A Milano, capitale del Regno d’Italia napoleonico (che comprendeva buona parte del settentrione), Luigi Canonica e Giovanni Antolini si confrontano nell’area del Castello Sforzesco sul tema dell’espansione della città e della nuova urbanistica, con soluzioni alternative ma entrambe di grande rilevanza architettonica. In particolare il primo immagina un grande parco urbano con il trionfale Arco della Pace, il secondo progetta il Foro Bonaparte (una città-piazza circolare di 570 metri di diametro) riferibile alle teorie di Boullèe e Ledoux. Ciò che si è realizzato è un ibrido tra le due ipotesi.
Con precisi riferimenti alla visione napoleonica, “Lo stile Impero”, a Torino si imposta il piano di ampliamento del 1817, si realizzano due grandi piazze monumentali e scenografiche (Statuto e Vittorio Veneto con la chiesa Gran Madre di Dio). Una medesima impostazione strategica si rileva nella sistemazione dell’area dell’Acquasola a Genova, con il Foro ellissoidale di Emanuele Tagliafichi, e negli interventi di Pasquale Poccianti a Lucca e a Livorno.
A Bologna, oltre alla sede dell’Istituto Nazionale sul modello dell’Institut parigino, al potenziamento dell’Università e l’Accademia di Belle Arti, si restaura in stile neoclassico il Palazzo Ranuzzi-Baciocchi.
A Venezia, al periodo di elaborazione teorica dei principi neoclassici, con Carlo Lodoli e Francesco Algarotti, segue la fase attuativa con Tommaso Temanza e Giovanni Scalfarotto, che realizzano rispettivamente  la chiesa della Maddalena e quella San Simeone Piccolo.
A Napoli, sotto Gioacchino Murat, si realizzano tre capisaldi dell’architettura neoclassica italiana: la piazza semicircolare porticata del Plebiscito di Leopoldo Laperuta, La Chiesa di San Francesco di Paola di Pietro Bianchi e il Rettifilo, grande asse di riorganizzazione urbana di impronta hausmaniana.
I progetti di rinnovamento urbanistico dei francesi per Roma si caratterizza per la sistematicità e interrelazione tra ampie zone della città; in particolare le sistemazioni degli accessi da nord dell’area della via Flaminia, comprendente la piazza del Popolo e una passeggiata panoramica lungo le pendici del Pincio (Parco del Grande Cesare).
Il progetto, attuato negli anni 1818-34, viene redatto da Giuseppe Valadier, la prima figura moderna e completa di architetto, restauratore (restauro dell’Arco di Tito e dell’Anfiteatro Flavio) e urbanista italiano.
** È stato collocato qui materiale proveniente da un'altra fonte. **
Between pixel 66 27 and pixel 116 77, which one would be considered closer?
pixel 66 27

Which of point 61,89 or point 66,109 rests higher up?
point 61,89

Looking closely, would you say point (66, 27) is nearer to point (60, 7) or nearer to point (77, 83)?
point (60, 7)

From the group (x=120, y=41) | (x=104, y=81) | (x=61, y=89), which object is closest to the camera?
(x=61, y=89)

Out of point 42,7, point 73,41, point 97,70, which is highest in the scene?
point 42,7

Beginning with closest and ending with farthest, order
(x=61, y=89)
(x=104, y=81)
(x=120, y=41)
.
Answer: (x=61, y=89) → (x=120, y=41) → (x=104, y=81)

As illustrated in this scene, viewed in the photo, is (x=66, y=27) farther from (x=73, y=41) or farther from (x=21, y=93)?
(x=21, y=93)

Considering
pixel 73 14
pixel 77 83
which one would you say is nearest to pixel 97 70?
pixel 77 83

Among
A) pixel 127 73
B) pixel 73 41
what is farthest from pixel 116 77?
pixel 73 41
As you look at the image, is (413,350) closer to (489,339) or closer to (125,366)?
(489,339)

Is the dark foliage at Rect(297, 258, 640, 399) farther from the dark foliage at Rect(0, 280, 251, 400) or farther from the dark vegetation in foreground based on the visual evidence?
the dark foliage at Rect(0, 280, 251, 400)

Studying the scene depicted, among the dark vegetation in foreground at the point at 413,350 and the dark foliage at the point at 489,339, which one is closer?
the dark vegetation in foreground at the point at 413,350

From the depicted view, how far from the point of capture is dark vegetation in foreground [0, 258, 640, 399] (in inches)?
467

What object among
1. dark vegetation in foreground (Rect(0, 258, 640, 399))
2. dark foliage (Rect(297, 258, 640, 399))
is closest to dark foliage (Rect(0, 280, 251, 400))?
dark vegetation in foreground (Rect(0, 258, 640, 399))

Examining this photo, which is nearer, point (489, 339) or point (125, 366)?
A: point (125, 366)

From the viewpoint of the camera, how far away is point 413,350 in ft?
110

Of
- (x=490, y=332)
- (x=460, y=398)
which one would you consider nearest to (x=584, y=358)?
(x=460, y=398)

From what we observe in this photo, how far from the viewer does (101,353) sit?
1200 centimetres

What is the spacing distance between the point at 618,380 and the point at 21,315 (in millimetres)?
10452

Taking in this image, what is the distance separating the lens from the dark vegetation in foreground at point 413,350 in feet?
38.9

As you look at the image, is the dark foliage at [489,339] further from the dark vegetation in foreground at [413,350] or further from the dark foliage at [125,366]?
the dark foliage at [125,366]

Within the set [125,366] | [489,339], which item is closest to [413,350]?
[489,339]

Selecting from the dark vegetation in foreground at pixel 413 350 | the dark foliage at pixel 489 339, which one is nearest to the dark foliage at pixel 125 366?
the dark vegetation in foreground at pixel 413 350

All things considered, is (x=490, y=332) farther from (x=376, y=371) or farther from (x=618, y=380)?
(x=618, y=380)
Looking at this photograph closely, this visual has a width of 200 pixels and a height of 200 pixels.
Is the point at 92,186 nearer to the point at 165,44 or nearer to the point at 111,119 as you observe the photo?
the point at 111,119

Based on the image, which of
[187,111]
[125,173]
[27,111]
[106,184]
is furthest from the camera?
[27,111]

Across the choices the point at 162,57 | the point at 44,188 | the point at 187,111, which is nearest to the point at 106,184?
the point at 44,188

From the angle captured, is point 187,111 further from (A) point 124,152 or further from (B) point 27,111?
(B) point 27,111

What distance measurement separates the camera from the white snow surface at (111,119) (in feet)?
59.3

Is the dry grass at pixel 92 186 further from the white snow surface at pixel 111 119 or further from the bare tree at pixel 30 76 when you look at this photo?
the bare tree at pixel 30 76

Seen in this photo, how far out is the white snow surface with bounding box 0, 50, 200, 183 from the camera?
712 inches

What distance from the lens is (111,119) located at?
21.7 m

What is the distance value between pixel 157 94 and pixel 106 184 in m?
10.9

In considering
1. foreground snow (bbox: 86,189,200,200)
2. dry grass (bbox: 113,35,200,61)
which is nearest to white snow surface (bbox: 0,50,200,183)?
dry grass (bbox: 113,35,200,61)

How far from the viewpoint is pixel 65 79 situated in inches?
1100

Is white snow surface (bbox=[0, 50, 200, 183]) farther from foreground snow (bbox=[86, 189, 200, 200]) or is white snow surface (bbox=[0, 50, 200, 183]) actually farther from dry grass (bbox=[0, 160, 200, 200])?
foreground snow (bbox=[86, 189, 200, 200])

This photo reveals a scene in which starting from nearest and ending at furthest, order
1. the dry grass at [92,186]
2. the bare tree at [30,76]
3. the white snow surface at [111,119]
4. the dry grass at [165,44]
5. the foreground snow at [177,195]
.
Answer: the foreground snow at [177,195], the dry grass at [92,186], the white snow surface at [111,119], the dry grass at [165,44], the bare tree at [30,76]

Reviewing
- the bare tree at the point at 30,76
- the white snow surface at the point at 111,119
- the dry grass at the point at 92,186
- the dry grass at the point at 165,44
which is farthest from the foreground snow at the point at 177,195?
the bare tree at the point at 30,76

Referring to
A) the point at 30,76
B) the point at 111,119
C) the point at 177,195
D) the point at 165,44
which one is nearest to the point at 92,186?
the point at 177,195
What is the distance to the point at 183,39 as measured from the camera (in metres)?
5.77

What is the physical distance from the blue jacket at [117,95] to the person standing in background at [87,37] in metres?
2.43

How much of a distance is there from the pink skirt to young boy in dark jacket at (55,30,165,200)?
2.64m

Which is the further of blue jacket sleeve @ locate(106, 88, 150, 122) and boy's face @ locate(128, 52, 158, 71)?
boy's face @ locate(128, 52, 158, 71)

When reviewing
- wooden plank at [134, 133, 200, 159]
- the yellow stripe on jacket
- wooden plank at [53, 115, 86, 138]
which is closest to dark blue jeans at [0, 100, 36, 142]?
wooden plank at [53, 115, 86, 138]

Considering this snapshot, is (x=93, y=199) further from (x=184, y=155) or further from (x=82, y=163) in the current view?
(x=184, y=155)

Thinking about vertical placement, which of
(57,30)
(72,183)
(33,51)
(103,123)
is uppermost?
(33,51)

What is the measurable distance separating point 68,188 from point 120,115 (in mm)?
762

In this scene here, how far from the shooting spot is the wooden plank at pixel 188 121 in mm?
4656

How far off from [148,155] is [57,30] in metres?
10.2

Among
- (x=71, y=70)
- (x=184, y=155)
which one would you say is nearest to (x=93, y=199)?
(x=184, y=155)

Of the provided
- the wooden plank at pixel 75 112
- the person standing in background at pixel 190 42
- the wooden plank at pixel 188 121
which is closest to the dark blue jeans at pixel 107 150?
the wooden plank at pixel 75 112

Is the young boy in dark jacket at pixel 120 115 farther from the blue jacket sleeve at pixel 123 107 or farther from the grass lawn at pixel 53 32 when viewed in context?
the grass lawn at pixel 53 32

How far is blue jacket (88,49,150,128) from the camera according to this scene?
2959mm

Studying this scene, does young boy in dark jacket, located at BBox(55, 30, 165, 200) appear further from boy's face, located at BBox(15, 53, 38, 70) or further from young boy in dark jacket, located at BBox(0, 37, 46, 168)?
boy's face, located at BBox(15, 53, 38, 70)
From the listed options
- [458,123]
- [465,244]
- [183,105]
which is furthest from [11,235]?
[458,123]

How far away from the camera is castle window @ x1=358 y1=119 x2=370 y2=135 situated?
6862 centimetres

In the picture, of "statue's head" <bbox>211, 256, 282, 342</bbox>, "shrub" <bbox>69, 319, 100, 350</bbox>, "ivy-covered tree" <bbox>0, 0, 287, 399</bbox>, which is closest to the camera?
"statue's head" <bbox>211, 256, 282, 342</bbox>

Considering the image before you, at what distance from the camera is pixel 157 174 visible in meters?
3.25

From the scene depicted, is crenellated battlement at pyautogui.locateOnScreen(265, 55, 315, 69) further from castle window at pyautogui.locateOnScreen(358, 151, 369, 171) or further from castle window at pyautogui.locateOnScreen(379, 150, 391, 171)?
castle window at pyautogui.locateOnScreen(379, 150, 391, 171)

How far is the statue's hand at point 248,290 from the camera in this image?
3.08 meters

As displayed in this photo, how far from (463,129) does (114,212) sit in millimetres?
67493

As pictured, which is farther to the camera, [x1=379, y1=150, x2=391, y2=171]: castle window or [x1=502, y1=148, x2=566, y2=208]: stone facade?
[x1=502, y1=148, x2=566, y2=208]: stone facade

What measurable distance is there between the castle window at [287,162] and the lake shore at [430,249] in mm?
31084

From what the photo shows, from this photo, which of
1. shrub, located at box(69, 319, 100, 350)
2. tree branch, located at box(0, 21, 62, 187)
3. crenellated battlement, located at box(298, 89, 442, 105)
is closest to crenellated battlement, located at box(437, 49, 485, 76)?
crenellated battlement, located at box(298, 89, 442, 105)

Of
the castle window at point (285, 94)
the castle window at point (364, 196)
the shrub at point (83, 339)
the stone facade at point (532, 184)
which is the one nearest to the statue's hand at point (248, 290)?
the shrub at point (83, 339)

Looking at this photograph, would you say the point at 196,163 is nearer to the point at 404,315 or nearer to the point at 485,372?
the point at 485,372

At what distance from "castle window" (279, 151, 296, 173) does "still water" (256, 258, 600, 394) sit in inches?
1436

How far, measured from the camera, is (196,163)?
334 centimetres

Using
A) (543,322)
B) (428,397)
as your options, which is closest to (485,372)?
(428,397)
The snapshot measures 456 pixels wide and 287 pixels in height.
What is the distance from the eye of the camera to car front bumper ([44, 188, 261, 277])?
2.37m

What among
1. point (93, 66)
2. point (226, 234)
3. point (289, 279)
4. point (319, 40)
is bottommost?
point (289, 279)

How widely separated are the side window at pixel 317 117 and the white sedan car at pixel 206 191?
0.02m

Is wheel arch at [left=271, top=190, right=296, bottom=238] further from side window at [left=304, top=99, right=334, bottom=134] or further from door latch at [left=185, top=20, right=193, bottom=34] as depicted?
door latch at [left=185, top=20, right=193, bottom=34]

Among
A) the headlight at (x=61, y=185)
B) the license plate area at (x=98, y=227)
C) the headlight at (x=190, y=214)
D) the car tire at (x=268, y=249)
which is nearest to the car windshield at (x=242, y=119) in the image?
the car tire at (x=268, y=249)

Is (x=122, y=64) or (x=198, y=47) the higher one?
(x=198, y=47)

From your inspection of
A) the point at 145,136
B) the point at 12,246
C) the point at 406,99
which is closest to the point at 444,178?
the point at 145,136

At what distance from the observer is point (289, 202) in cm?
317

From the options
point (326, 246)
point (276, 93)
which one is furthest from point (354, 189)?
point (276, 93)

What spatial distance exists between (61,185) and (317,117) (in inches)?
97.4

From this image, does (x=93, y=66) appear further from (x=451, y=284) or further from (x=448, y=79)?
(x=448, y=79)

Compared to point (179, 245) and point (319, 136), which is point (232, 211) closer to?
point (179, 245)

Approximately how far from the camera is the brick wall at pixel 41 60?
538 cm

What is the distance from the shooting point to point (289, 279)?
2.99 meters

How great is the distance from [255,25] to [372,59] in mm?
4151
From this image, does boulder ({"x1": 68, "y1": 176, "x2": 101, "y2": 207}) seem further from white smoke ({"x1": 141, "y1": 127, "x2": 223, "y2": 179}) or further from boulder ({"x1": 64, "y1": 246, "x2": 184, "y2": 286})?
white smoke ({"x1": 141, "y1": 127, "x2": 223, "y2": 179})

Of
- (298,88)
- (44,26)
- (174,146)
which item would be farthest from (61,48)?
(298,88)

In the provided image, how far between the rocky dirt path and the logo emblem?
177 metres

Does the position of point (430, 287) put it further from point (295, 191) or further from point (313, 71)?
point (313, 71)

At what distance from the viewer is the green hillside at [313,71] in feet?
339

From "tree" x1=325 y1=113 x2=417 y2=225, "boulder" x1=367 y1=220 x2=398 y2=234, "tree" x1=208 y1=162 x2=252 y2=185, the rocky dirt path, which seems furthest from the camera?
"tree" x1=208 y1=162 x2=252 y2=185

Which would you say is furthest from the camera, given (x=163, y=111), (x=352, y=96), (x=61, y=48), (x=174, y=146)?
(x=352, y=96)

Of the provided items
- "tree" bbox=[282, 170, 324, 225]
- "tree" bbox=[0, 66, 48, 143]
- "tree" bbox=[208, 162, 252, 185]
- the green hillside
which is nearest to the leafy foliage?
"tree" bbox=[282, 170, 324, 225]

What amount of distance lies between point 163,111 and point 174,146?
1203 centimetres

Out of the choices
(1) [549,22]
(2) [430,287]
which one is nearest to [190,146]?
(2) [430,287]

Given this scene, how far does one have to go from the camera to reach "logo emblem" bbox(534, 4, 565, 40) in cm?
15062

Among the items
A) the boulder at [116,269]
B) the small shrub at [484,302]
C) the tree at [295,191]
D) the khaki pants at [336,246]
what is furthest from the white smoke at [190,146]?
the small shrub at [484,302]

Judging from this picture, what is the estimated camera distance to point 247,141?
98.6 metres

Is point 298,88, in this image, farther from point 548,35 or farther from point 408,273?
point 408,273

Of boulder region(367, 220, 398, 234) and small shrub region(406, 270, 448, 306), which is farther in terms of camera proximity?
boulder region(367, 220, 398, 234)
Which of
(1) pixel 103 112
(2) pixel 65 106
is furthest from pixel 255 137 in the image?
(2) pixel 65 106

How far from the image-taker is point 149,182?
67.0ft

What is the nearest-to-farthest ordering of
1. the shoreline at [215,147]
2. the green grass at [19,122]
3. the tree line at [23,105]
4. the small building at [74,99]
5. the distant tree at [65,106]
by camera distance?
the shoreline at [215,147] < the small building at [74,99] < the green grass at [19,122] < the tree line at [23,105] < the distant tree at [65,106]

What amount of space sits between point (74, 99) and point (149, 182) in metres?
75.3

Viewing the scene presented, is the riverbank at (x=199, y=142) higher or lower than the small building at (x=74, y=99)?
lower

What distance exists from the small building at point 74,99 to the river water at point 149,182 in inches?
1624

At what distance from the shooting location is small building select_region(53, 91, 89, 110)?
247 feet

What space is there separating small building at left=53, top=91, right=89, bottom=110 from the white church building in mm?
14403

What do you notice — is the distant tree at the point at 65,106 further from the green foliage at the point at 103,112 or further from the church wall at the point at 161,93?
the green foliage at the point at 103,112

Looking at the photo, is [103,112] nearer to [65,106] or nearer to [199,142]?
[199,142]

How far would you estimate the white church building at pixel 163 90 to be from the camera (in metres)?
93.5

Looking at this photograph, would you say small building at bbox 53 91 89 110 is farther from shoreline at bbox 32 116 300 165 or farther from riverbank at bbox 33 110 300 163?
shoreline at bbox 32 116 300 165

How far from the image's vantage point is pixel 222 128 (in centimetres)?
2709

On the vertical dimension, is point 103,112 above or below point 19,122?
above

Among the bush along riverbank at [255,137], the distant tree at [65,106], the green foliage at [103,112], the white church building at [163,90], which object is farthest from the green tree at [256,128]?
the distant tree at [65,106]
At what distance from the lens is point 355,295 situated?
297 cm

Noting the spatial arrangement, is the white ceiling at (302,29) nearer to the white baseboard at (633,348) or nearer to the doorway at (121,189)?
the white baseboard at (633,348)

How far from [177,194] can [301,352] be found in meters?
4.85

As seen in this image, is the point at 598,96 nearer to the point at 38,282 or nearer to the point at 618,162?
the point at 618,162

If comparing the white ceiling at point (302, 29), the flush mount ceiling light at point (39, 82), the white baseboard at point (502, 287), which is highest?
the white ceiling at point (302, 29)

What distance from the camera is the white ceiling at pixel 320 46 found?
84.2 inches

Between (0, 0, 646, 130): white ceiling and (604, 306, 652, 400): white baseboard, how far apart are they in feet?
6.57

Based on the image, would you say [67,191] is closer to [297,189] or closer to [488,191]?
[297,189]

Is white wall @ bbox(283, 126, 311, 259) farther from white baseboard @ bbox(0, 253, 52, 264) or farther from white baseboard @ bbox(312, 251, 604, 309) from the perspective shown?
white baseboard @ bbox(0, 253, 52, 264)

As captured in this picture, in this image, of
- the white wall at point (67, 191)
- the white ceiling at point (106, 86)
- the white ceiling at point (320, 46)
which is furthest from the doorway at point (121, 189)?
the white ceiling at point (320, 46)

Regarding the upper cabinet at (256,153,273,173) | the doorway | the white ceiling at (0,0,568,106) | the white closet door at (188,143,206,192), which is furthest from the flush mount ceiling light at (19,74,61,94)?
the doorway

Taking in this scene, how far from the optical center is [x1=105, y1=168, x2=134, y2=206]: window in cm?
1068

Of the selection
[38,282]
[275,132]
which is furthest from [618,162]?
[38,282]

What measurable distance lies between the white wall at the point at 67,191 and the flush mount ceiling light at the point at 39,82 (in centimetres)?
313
Altre sue significative proposte a scala urbana riguardano l’area del Foro di Traiano, lo snodo di piazza San Pantaleo con il Palazzo Braschi..
Nel quinquennio bonapartista i referenti del governo francese i Prefetti realizzano un vero e proprio serbatoio di progetti, con moderni approcci metodologici, idee innovative e in linea con la ricerca internazionale coeva.  Perseguite con razionalità e concretezza, soprattutto prodotte in un lasso di tempo brevissimo e condivise attraverso embrionali concorsi di progettazione, le strategie di rigenerazione urbana sviluppate nel quinquennio napoleonico sono tutte di estremo rilievo.
Se fosse prevalsa la logica della riduzione del monumentale e dall’austero linguaggio neoclassico oggi, probabilmente, ragioneremmo su un’altra storia dell’urbanistica italiana.